──────── Material for this task
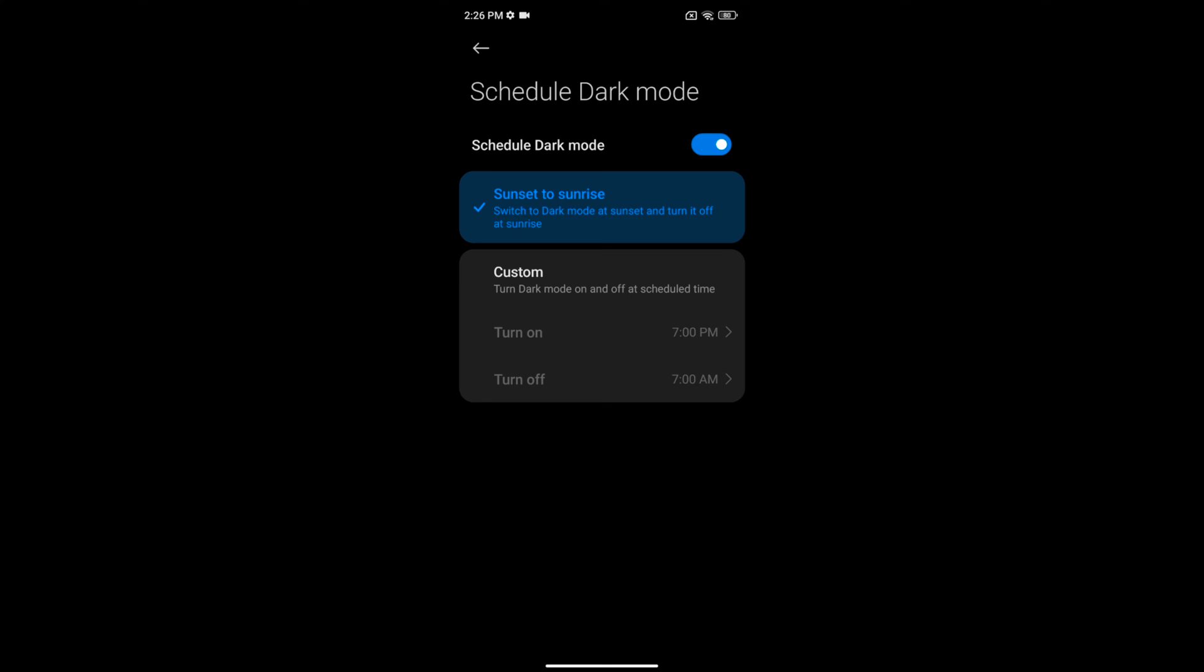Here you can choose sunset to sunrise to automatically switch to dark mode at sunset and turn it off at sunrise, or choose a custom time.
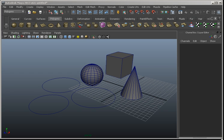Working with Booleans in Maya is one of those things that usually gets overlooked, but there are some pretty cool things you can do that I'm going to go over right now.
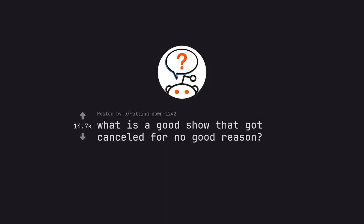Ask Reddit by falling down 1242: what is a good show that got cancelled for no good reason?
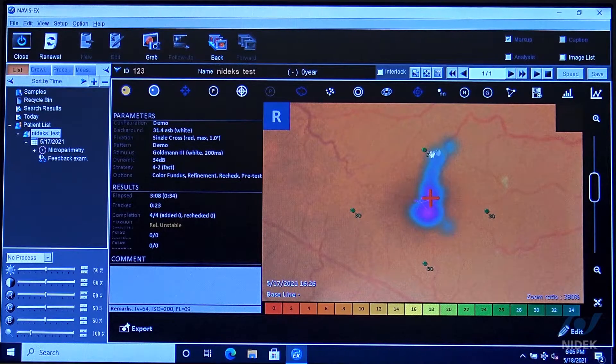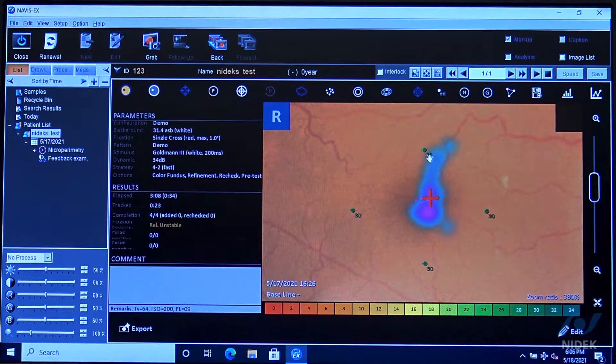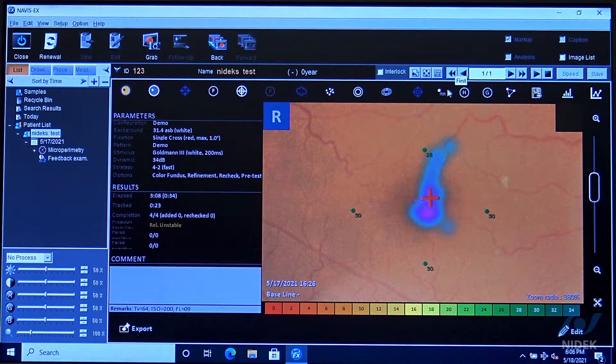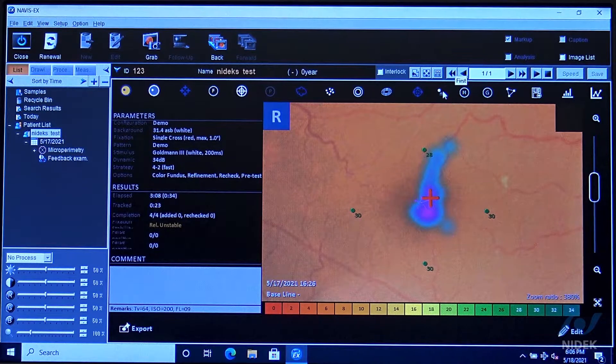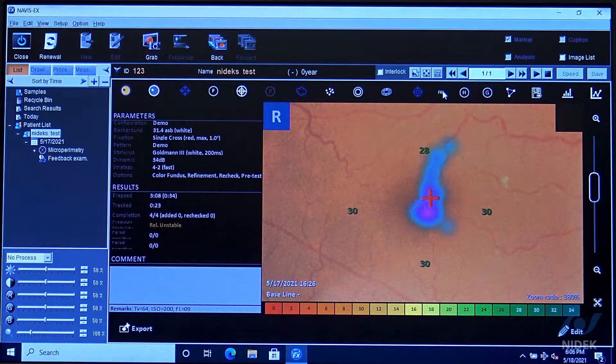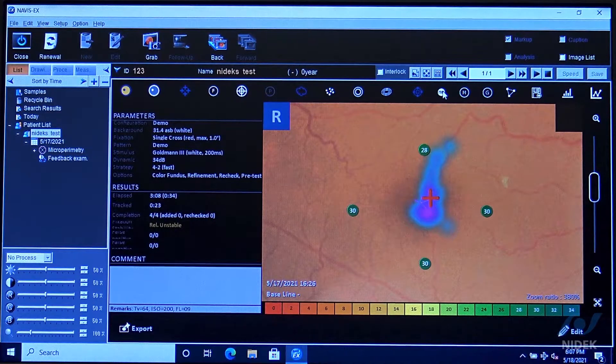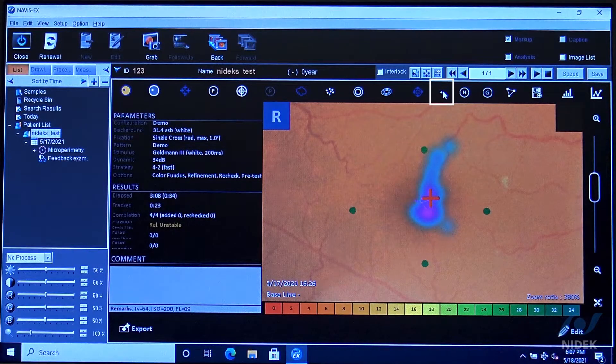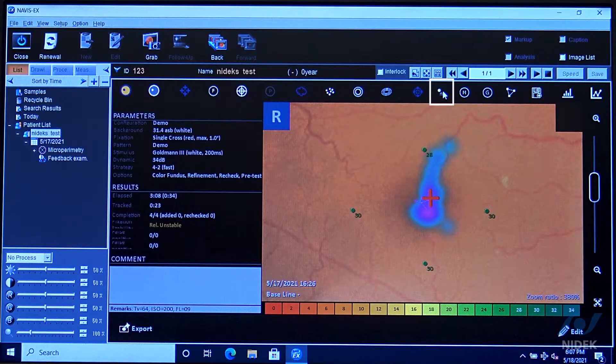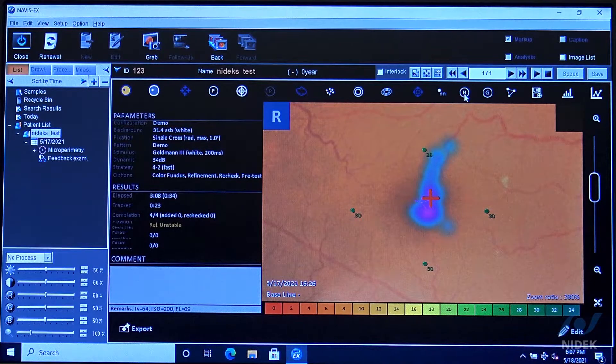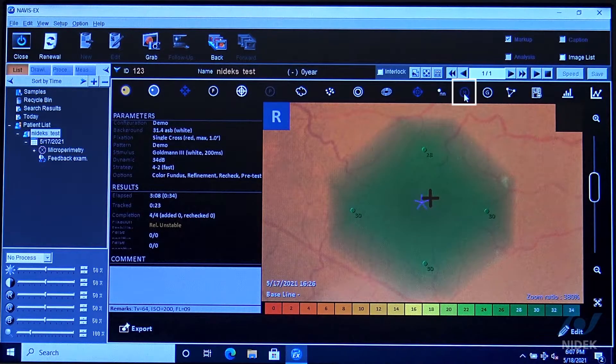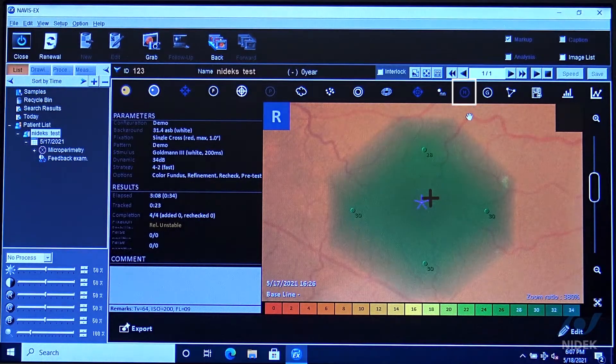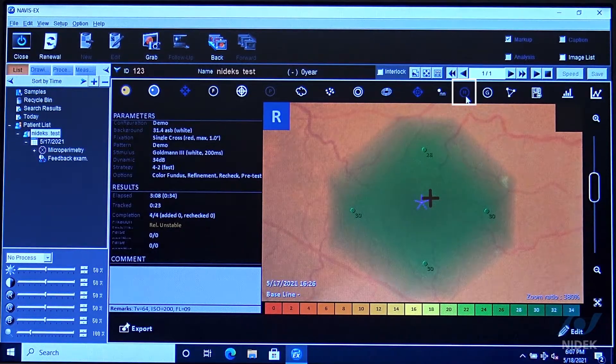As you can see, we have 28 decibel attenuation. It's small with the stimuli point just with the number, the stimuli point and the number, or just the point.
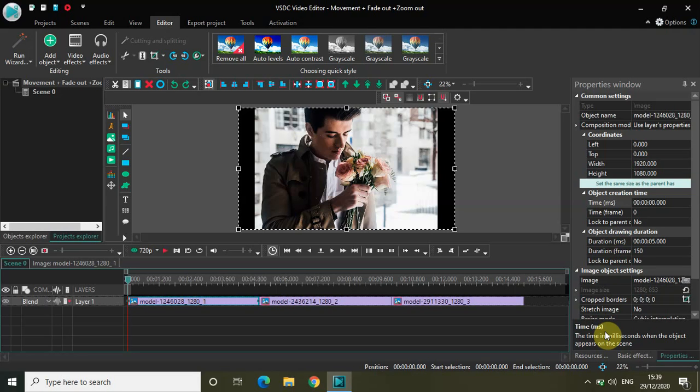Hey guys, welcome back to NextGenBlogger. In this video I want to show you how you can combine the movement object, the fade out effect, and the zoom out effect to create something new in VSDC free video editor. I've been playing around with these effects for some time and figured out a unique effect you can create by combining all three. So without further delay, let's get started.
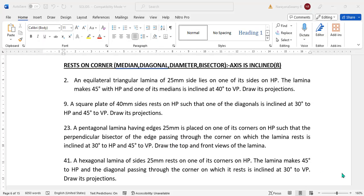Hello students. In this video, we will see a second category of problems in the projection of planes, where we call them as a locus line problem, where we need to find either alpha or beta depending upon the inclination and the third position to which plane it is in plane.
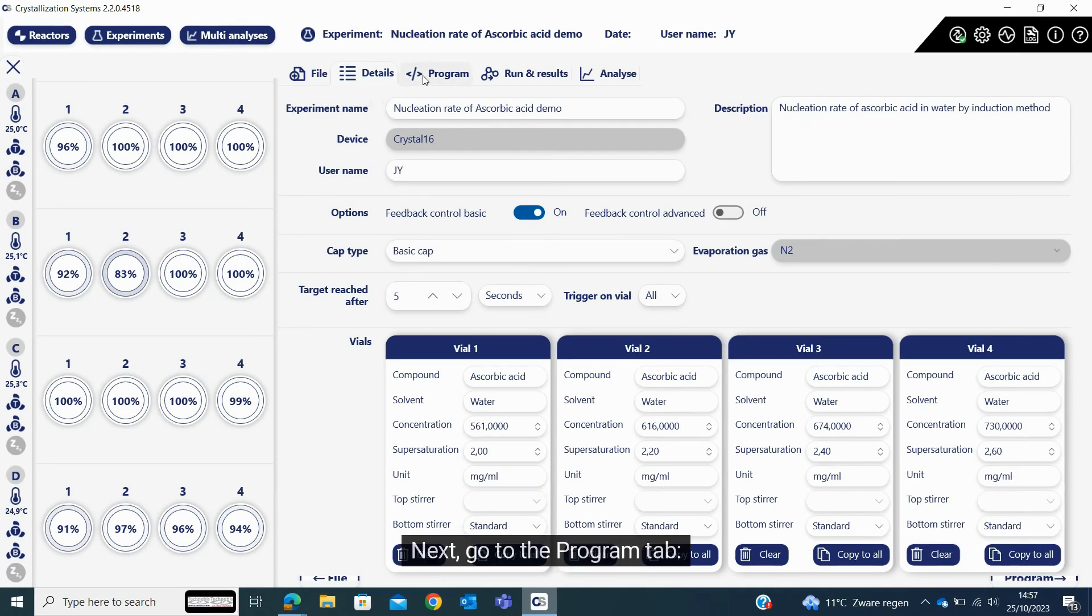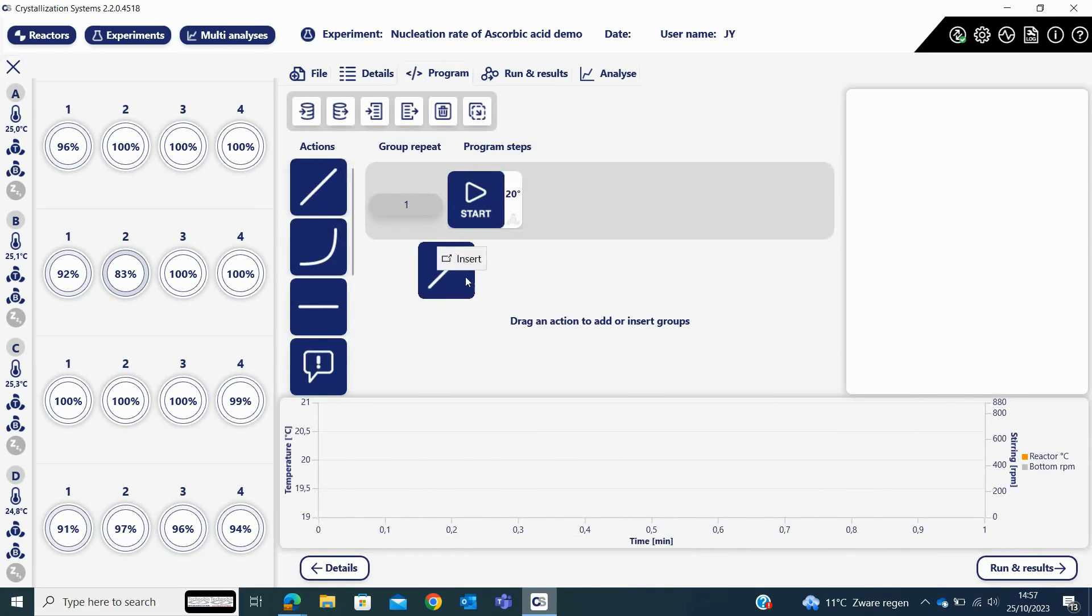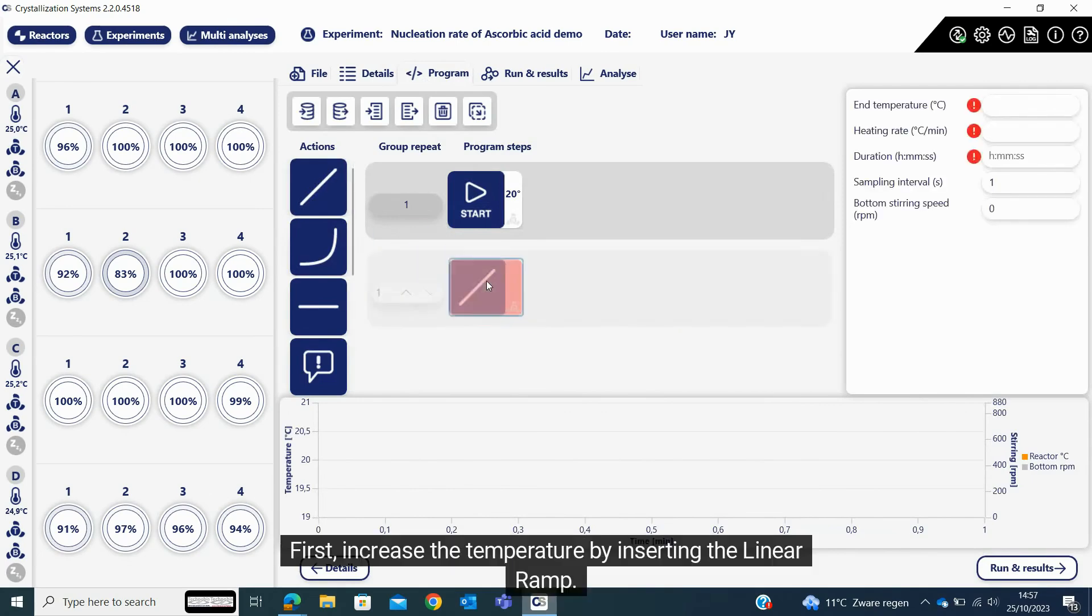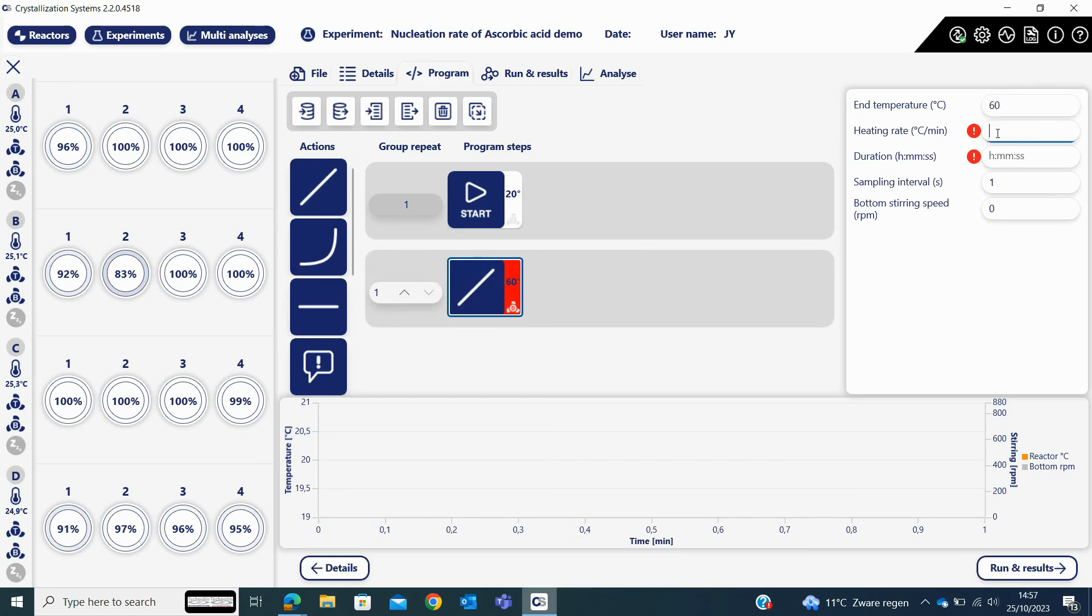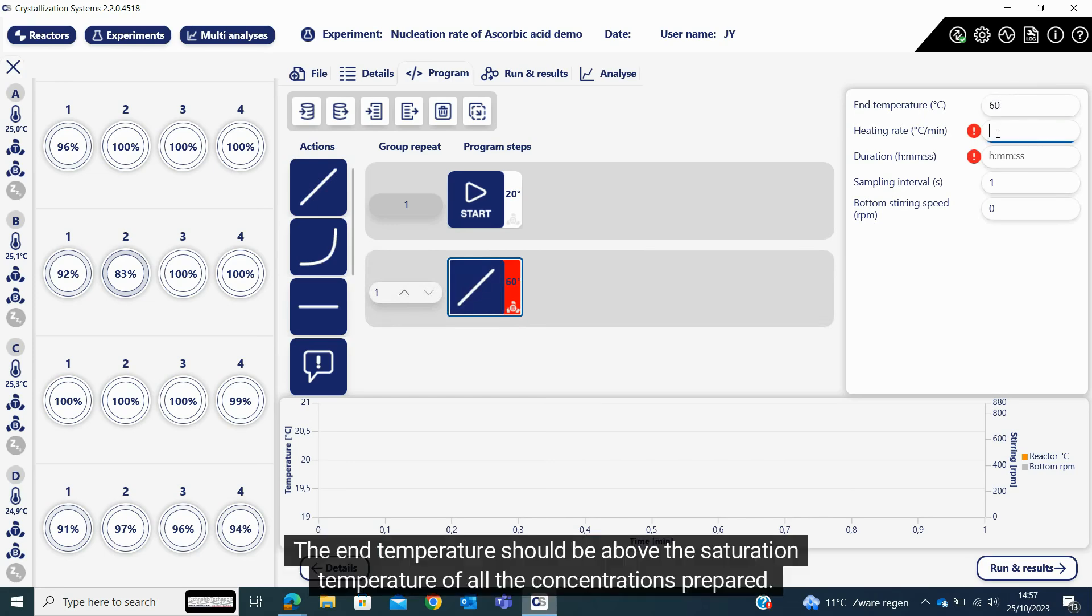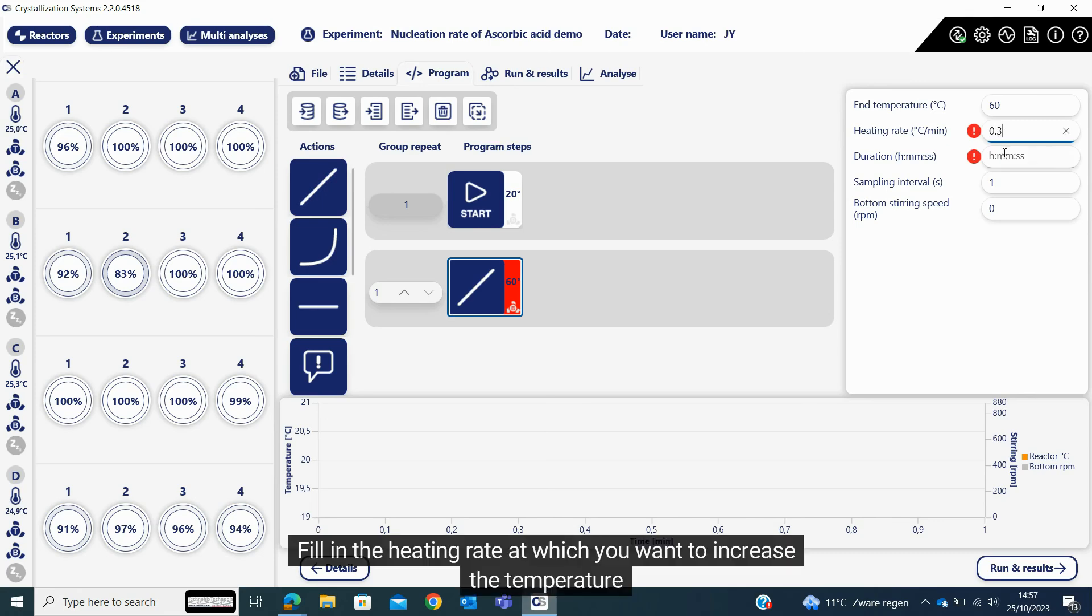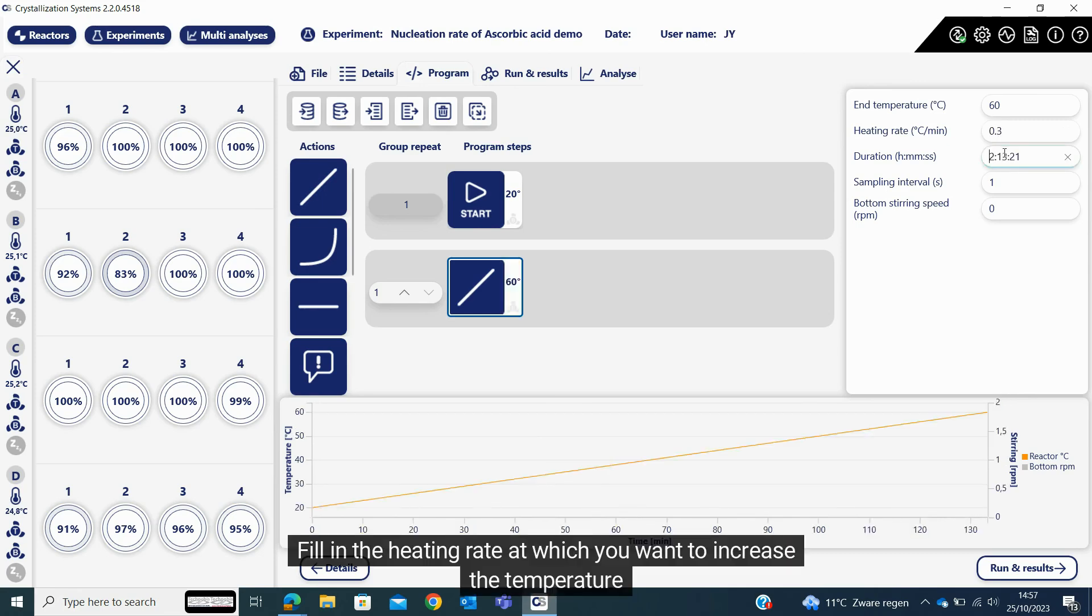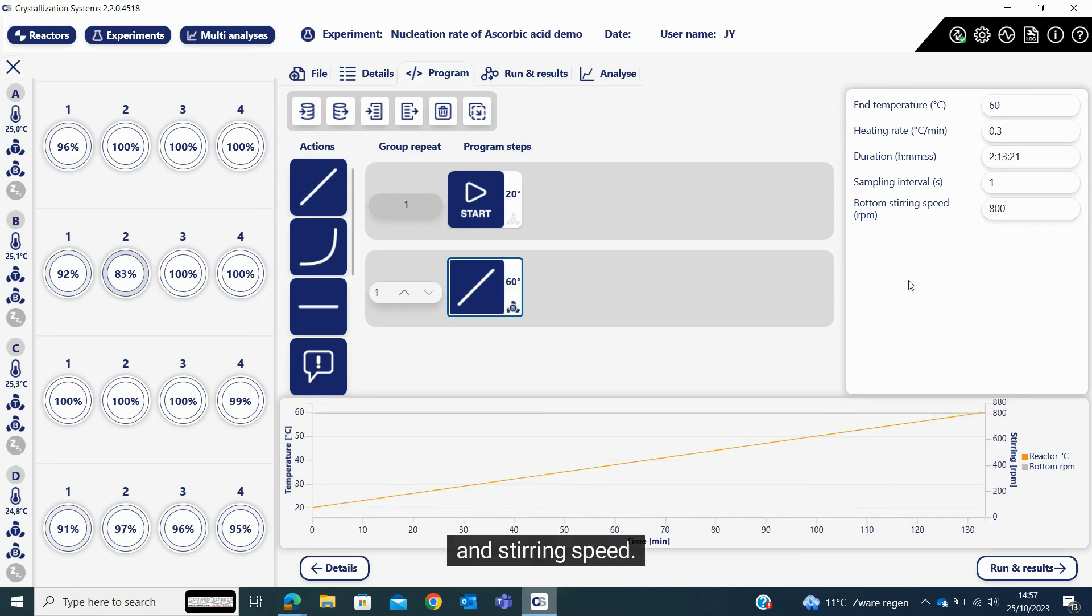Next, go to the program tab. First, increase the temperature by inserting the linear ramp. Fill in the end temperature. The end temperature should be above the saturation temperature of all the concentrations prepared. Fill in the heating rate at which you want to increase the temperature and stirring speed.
────────────────
# What needs to be done:
Could you print the data exactly as it appears and keep the pictures out?

# Problem solution:
Here you can choose sunset to sunrise to automatically switch to dark mode at sunset and turn it off at sunrise, or choose a custom time.
Working with Booleans in Maya is one of those things that usually gets overlooked, but there are some pretty cool things you can do that I'm going to go over right now.
Ask Reddit by falling down 1242: what is a good show that got cancelled for no good reason?
As you can see, we have 28 decibel attenuation. It's small with the stimuli point just with the number, the stimuli point and the number, or just the point.
Hey guys, welcome back to NextGenBlogger. In this video I want to show you how you can combine the movement object, the fade out effect, and the zoom out effect to create something new in VSDC free video editor. I've been playing around with these effects for some time and figured out a unique effect you can create by combining all three. So without further delay, let's get started.
Hello students. In this video, we will see a second category of problems in the projection of planes, where we call them as a locus line problem, where we need to find either alpha or beta depending upon the inclination and the third position to which plane it is in plane.
Next, go to the program tab. First, increase the temperature by inserting the linear ramp. Fill in the end temperature. The end temperature should be above the saturation temperature of all the concentrations prepared. Fill in the heating rate at which you want to increase the temperature and stirring speed.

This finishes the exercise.